A further challenge to the UK comes in the form of the EU’s Chief Brexit Negotiator, Michel Barnier. Barnier has stated that the single market’s four freedoms are indivisible and that the UK will not be allowed to disregard freedom of movement while retaining access to other perks. Despite having built a reputation on his tenacity, Barnier has also won respect as a tough but fair negotiator. Whilst unlikely to offer Britain an easy ride, he is at least sensitive to the markets, noting that Europe has a common interest in not prolonging the state of uncertainty. At the heart of the Eurozone Crisis, Mr. Barnier had a policy of refusing interviews, lest his comments should move markets.

German Chancellor: Angela Merkel

As the leader of the EU’s most populous and economically powerful country, it is clear that Chancellor Merkel will be a key figure in the negotiations – despite Theresa May’s assertions to the contrary.  Politically astute – and with her own re-election to consider next year – Merkel has publicly echoed Barnier in stating that Britain will not be allowed to “cherry pick” those parts of the union that it adheres to, particularly with reference to freedom of movement. Equally, she’s hinted that it may be prudent to consider when such freedoms should kick in, potentially opening up the possibility of allowing the UK a period of grace. Germany has vested interests in preserving one of its largest export markets, with the UK the largest global exporter of German cars. Having conceded that there is no need to be “nasty” to the UK, like Davis, it appears that Merkel is likely to be pragmatic when negotiations get underway next March.

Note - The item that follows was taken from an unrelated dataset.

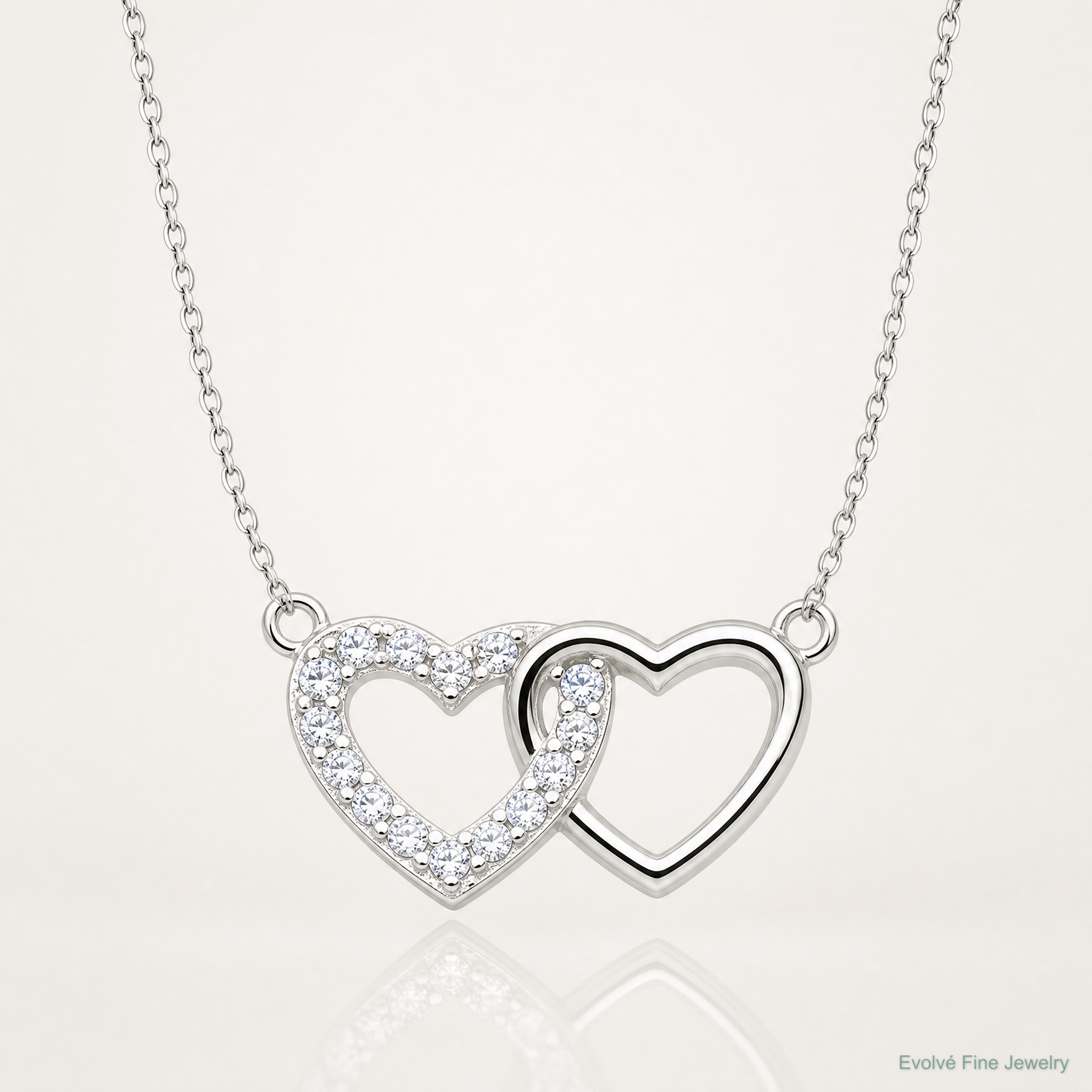 Sterling Silver E-Coating CZ Double Heart 16in w/2in ext Necklace - Lifestyle View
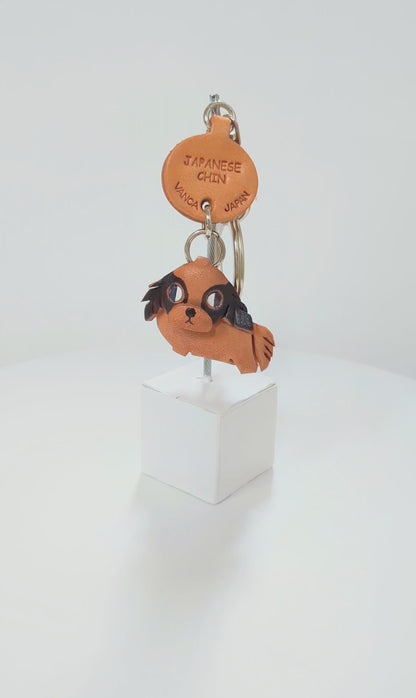 Japanese Chin Leather Dog Keychain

Cat among the pigeons: Nigel Farage

It has been quite the year for the former UKIP leader, corroborated by his inclusion on Time Magazine’s shortlist for Person of the Year. Following an incendiary speech to the European Parliament in the aftermath of the result, there are fears that Mr. Farage may use his newfound political platform to further antagonise the EU. With President Juncker’s comments suggesting that emotional as well as economic factors will inform negotiations, investors will be hoping that Mr. Farage does not become an unnecessary distraction.

Ultimately, rhetoric and reality can be two different things. While the media at home and abroad will do their utmost to whip up a frenzy, politicians will take a much harder stance for the front pages than they will behind closed doors. One need only look to the reporting and reality of Greek bailout talks last year or, more recently, Donald Trump. Just as the president-elect has tempered many of his campaign promises, we expect that economic reality will overcome political posturing and the two sides will reach a sensible compromise. Protracted and uncertain negotiations are likely to manifest themselves particularly in currency weakness and if the effects are felt in Europe it could add fuel to the populist fire that Juncker is so desperately keen to avoid. In response to the uncertainty, we have recently hedged our euro exposure to sterling, with the UK currency continuing to look undervalued.

[1] With 28 countries sitting around the negotiating table, together with EU representatives, many people will ultimately be involved in shaping the terms of the UK’s agreement. In the interests of brevity, this article focuses upon the small number considered to be most influential or controversial.